Müsamahakâr olun; kolaylaştırın
İnsan fıtratı kolay olanı sevmeye, zor olandan yüz çevirmeye meyillidir. Yüce Allah’ın insanların dünya ve ahiret selameti için seçtiği din olan İslam da kolay ve yaşanabilir olması bakımından fıtrata uygun bir dindir. “O sizi seçti ve dinde sizin için bir güçlük kılmadı.” (Hac, 22/78.), “Allah sizin için kolaylık diler, zorluk dilemez.” (Bakara, 2/185.), “Zorlukla beraber kolaylık vardır.” (İnşirah, 94/5.) ayetleri İslam’ın kolaylık yönünü açıkça ortaya koymaktadır. Aynı şekilde Hz. Peygamber (s.a.s.) “Muhakkak ki din kolaylıktır. Hiç kimse dini zorlaştırmaya kalkmasın, mağlup olur…” (Nesai, İman, 28.) buyurmuş ve (Hz. Aişe validemizin bildirdiğine göre) iki seçenek arasında tercih yapma durumunda kaldığında eğer günah değilse en kolay olanını tercih etmiştir. (Buhari, Edeb, 80.) Hatta namaz kıldırırken bile kolaylık adına namazın uzun tutulmamasını istemiş; bu emrine aykırı davrananları ikaz etmek durumunda kalmıştır. (Buhari, İlim, 29.) Hz. Peygamber’in kolaylaştırma ile ilgili söz ve davranışları sadece inanç ve ibadet konularıyla da sınırlı değildir. Örneğin o (s.a.s.) “Satarken, alırken ve hakkını isterken kolaylık gösteren kula Allah rahmet eylesin.” (İbn Mace, Ticarat, 28.) diye dua etmek suretiyle ümmetinin, hayatın her alanında kolaylaştırıcı bir tutum benimsemesini istemiştir. Bu doğrultuda irşat ve tebliğ makamında bulunan din görevlileri başta olmak üzere her bir Müslümanın, hem dinî ahkâmın tatbiki noktasında hem de hayata dair her konuda müsamahakâr olması ve insanlara gerekli kolaylığı göstermesi gerekmektedir. Buna göre alım satım yapan tüccarların, evlenecek bireylerin ve ailelerinin, kamu veya özel sektörde insanlara hizmet eden görevlilerin, idarecilerin, kısacası herkesin muhataplarına hem dinî hem de dünyevi işler konusunda kolaylaştırıcı bir tutum sergilemesi nebevi bir metottur.

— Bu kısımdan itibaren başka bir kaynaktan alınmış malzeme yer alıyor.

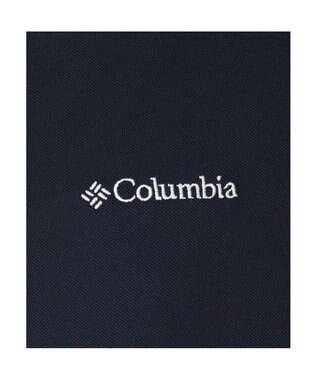 Columbia コーブ ドーム ビュート ソリッド ピケ ポロ Collegiate Navy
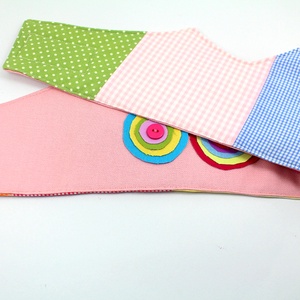 Textil Korona, Játék Korona, Szülinapi Korona, Kislány Fejdísz, Rózsaszín Korona - játék & sport - szerepjáték - Meska.hu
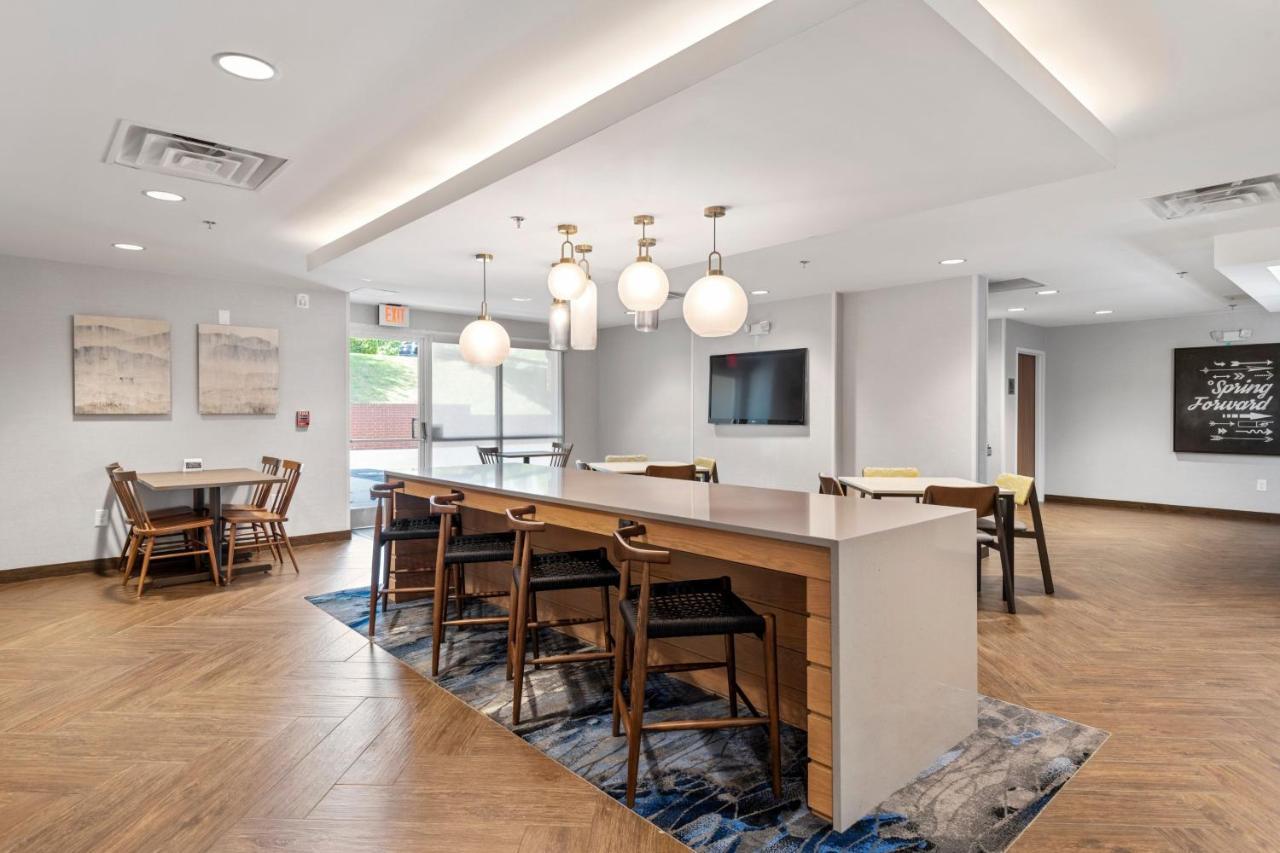 Fairfield Inn & Suites By Marriott Hickory Eksteriør bilde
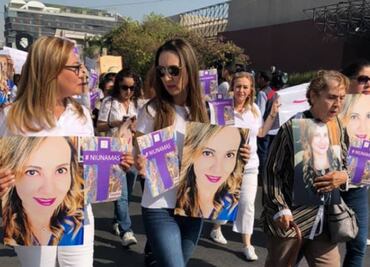 Por segundo día, marchan por Abril en el municipio más rico de NL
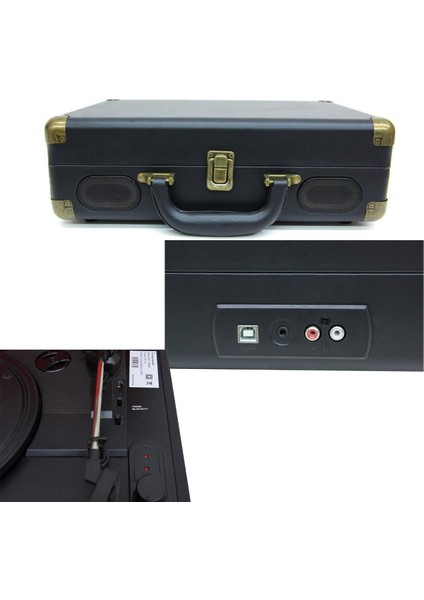 Pikap Çantalı Önden Hoparlörlü Siyah Bluetooth Hoparlör Plakçalar C0094 fırsatları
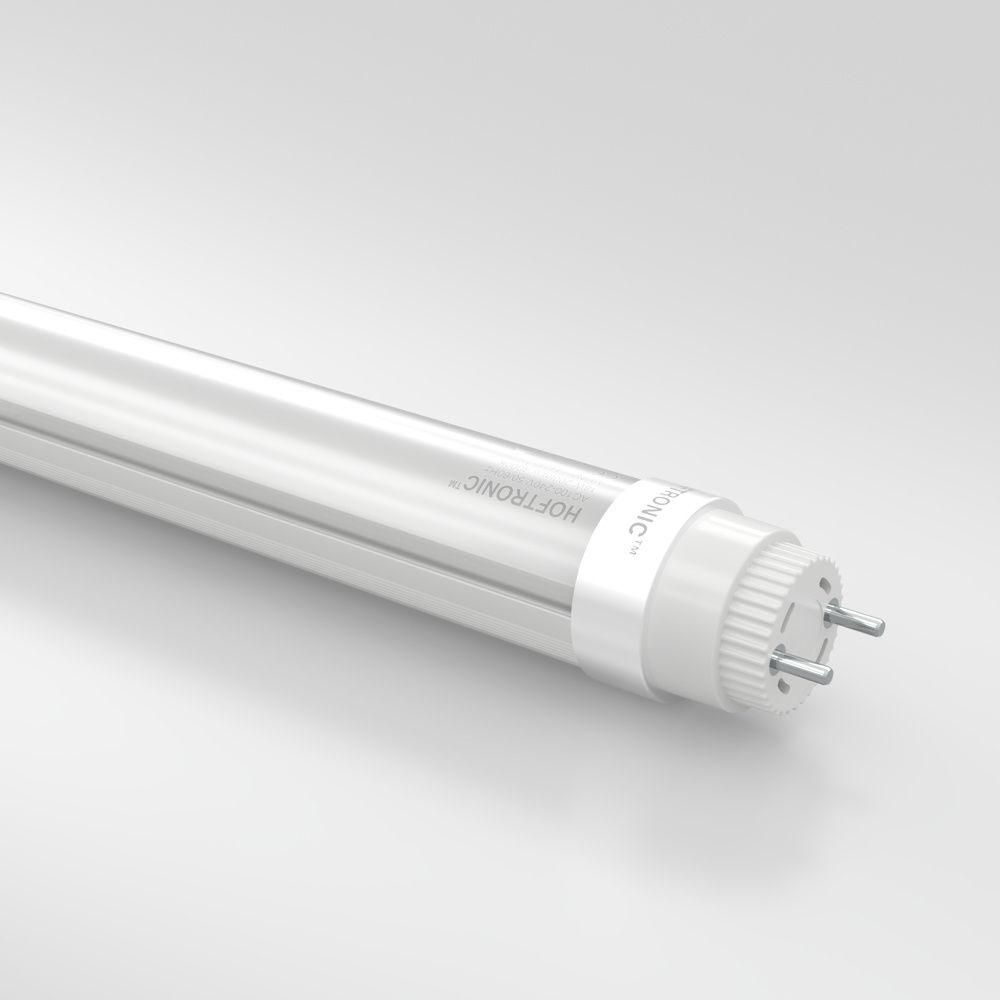 LED TL Buis 120 cm - T8 G13 fitting - 4000K neutraal witlicht - 10/15 Watt 3000lm (200lm/W) - Flikkervrij - Vervangt 125 Watt (125W/840) - Aluminium Tube | HOFTRONIC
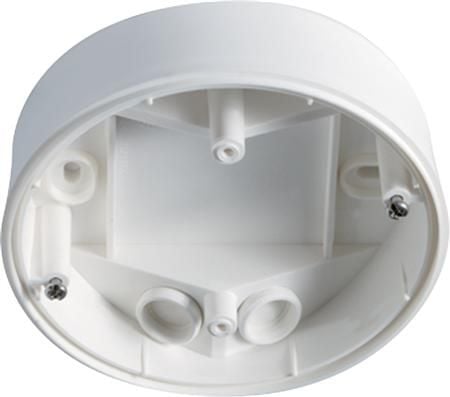 ESYLUX EP10425905, Pintakiinnitys, Valkoinen, Polykarbonaatti, 104 mm, 104 mm, 103 g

Merhamet edin; zorlaştırmayın
Hadiste “kolaylaştırın” emri ile yetinilmemiş ve özellikle “zorlaştırmayın” diye vurgu yapılmıştır. Bu ifadenin bir gereği olarak çoğu alanda kolaylaştırıcı bir tutum takınan bir kişi bazı hususlarda zorluk çıkaracak olsa bu hadis-i şerife aykırı davranmış olacaktır. Kaldırımlara aracını park edenler başta engelli bireyler olmak üzere bütün yayalara; trafikte emniyet şeridini işgal edenler ambulans, itfaiye, polis gibi kamu araçlarına; evlilik arifesinde olmadık masraf yaptıranlar evlenecek gençlere zorluk çıkarmaktadırlar. Bu ve benzeri tutumlar “...Allah beni sıkıntı verip zorlaştırıcı olarak göndermedi. Beni ancak kolaylaştırıcı bir öğretmen olarak gönderdi.” (Müslim, Talak, 29.) buyuran Hz. Peygamber’in ümmetinde asla bulunmamalıdır. Dolayısıyla her bir Müslümanın, başta ailesi olmak üzere birlikte yaşadığı kişilere hayatı zorlaştırmamak adına bütün gayretini sarf etmesi icap etmektedir.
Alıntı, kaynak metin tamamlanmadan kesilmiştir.